Mercredi dernier, Nicolas Sarkozy n’a pas dérogé à la règle. Il avait commandé à sa fidèle plume Henri Guaino – qui, comme lui, ne porte pas les diplomates dans son cœur – un discours « offensif et de gauche ». Après avoir souhaité la bienvenue aux membres du gouvernement, du Parlement et à « ses Excellences » les ambassadeurs, Nicolas Sarkozy a salué son « cher Michel » (Rocard), installé au premier rang.
Ponctuée d’autant de coups de menton, de clairon et d’épaule, l’allocution a commencé par s’en prendre à tous les « irresponsables » qui ont plongé le monde dans la crise économique la plus grave depuis celle de 1929. S’exprimant devant « le tribunal de l’opinion publique internationale » , Nicolas Sarkozy a prévenu que « la France sera intraitable » pour remettre de l’ordre dans la jungle financière, annonçant le prochain sommet du G20 à Pittsburg (24-25 septembre) comme celui de la fin de l’histoire, entendue comme une mise au pas « définitive » du capitalisme sauvage.
Les banques américaines, suisses et la BNP sont prévenues, et les profiteurs « irresponsables » n’ont qu’à bien se tenir, parce que « l’État a retrouvé toute sa place » pour corriger les crampes de la main invisible du marché… La preuve : « La France est de nouveau, entre l’Allemagne et le Royaume-Uni, la 5e puissance du monde » , a lancé Nicolas Sarkozy à des ambassadeurs quelque peu dubitatifs en l’absence de preuves chiffrées.
Comme en patinage artistique, les figures imposées veulent ensuite qu’on brise quelques lances sur l’Europe qui « doit faire le XXIe siècle sans le subir » . Après un flirt raté avec la perfide Albion, Nicolas Sarkozy se recentre sur le couple franco-allemand grâce, a-t-il dit, à « l’amitié qui me lie à Angela Merkel » . Après la présidence française (2e semestre 2008), l’UE, elle aussi, est de retour comme puissance économique, politique et militaire, car si la France est à nouveau dans le commandement intégré de l’Otan, c’est pour mieux défendre la conception d’une « Europe-puissance », donc d’une Europe de la défense. À ce moment du discours, nos Excellences se tournent vers leur ministre, parce qu’on murmure déjà dans les coulisses du Quai que « BK » (Bernard Kouchner) pourrait prochainement succéder à Javier Solana comme Haut Représentant pour la politique étrangère et de sécurité commune (PESC).
Mais c’est au chapitre de la gouvernance mondiale que Nicolas Sarkozy sera le plus démagogue, appelant de ses vœux une réforme du FMI et de la Banque mondiale tout en redécouvrant les bienfaits des Nations unies. Dans la perspective de la conférence de Copenhague sur le réchauffement climatique, il ressort une vieille idée de Jacques Chirac : la création d’une agence onusienne de l’environnement, en préconisant une coordination de ce nouvel outil multilatéral avec l’Organisation mondiale du commerce (OMC) et l’Organisation internationale du travail (OIT), afin de « multilatéraliser le multilatéral »…

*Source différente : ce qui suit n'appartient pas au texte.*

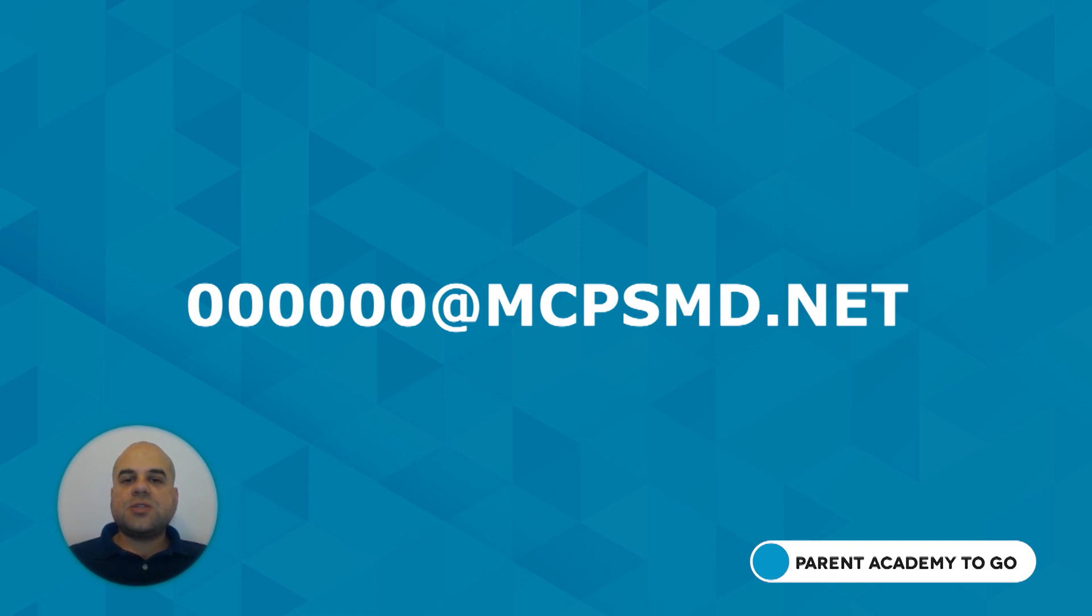An MCPS student's email address is their six-digit student ID number followed by at MCPSMD.net.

Viennent ensuite les crises. À commencer par celle du Proche-Orient, où Nicolas Sarkozy se fait encore plus chiraquien que ne l’aura jamais été l’ancien président de la République, décrétant que le conflit israélo-palestinien « concerne le monde entier » . Dans le sillage de la Maison Blanche, il se prononce « très clairement pour le gel de la colonisation et pour la création d’un État palestinien ». Mais, « comme on ne peut pas être francs avec les uns et hypocrites avec les autres » , il enchaîne aussitôt en se prononçant pour de « nouvelles sanctions économiques sévères » contre l’Iran, qui ne veut toujours pas renoncer à la bombe atomique. Derrière ce potlatch diplomatique qui n’abuse personne – de nouvelles sanctions contre l’Iran ayant toute chance d’être adoptées avant qu’on n’aperçoive le plus petit début de la création d’un État palestinien –, Nicolas Sarkozy en profite pour se poser en médiateur entre la Syrie et Israël.
Défendant et justifiant l’augmentation de l’engagement français en Afghanistan, le Président invite les maîtres du monde et les diplomates, pour la quinzième fois, à « faire preuve de responsabilité » . Il conviendra aussi de « réinventer la pensée et l’action » , car « tout dépend de notre volonté » , conclut Nicolas Sarkozy. Avant de tourner les talons, il remercie pour la troisième fois BK, qui, « sur tous ces dossiers, ne ménage pas sa peine » , notamment par la mise en chantier de la réforme du Quai. Attendu sur le sujet, le ministre n’a pas vraiment convaincu. Mais de quoi s’agit-il ?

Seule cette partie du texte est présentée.